On Thursday, the James Webb and Hubble telescopes revealed the first images of the Dart Mission, in which a spacecraft deliberately crashed into an asteroid. The incident also marked the first time the two most powerful space telescopes observed the same celestial object.
Hubble captured 45 images in the time immediately before and following DART’s impact with Dimorphos, the asteroid moonlet in the double-asteroid system of Didymos.
“This is an unprecedented view of an unprecedented event,” summarized Andy Rivkin, DART investigation team lead of the Johns Hopkins University Applied Physics Laboratory in Laurel, Maryland.
On September 26, DART intentionally crashed into Dimorphos. It was the world’s first kinetic impact mitigation technique test, using a spacecraft to deflect an asteroid that poses no threat to Earth and modifying the object’s orbit.

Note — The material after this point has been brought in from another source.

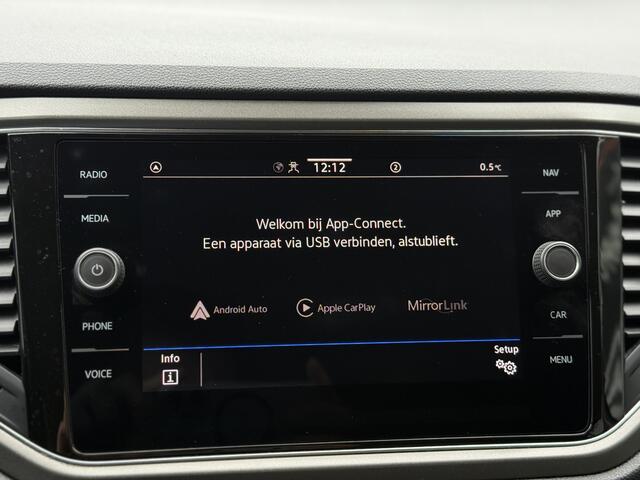 Volkswagen T-Roc 1.0 TSI Style Business | Navigatie | ACC | PDC V+A | Elekt. Kofferklep | Apple Carplay/Android Auto | RIJKLAARPRIJS INCL 12 MAANDEN GARANTIE EN BEURT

The historic test on space rock Dimorphos tests the Earth’s ability to defend itself against a potential future life-threatening asteroid.
Astronomers rejoiced as NASA’s Double Asteroid Redirection Test (DART) impactor slammed into its pyramid-sized target 11 million kilometres (6.8 million miles) from Earth on Monday night.
Images taken by Earth-bound telescopes showed a vast cloud of dust expanding out of Dimorphos and Didymos after the spacecraft hit.
An image taken by James Webb’s Near-Infrared Camera (NIRCam) four hours after impact shows “plumes of material appearing as wisps streaming away from the centre of where the impact took place”, according to a joint statement from the European Space Agency, James Webb and Hubble.
“Webb and Hubble show what we’ve always known to be true at NASA: We learn more when we work together,” said NASA Administrator Bill Nelson.
“For the first time, Webb and Hubble have simultaneously captured imagery from the same target in the cosmos: an asteroid impacted by a spacecraft after a seven-million-mile journey. All of humanity eagerly awaits the discoveries from Webb, Hubble, and our ground-based telescopes – about the DART mission and beyond,” he added.
James Webb’s images were shown in red because the telescope operates primarily in the infrared spectrum, which allows it to peer further into the universe.
The images from Hubble’s Wide Field Camera 3 were blue because it shows the impact on visible light.
Hubble images from 22 minutes, five hours and eight hours after impact show the expanding spray of matter from where DART hit on the asteroid’s left.
The accurate measure of DART’s success will be exactly how much it diverted the asteroid’s trajectory, so the world can start preparing to defend itself against more giant asteroids that could head our way.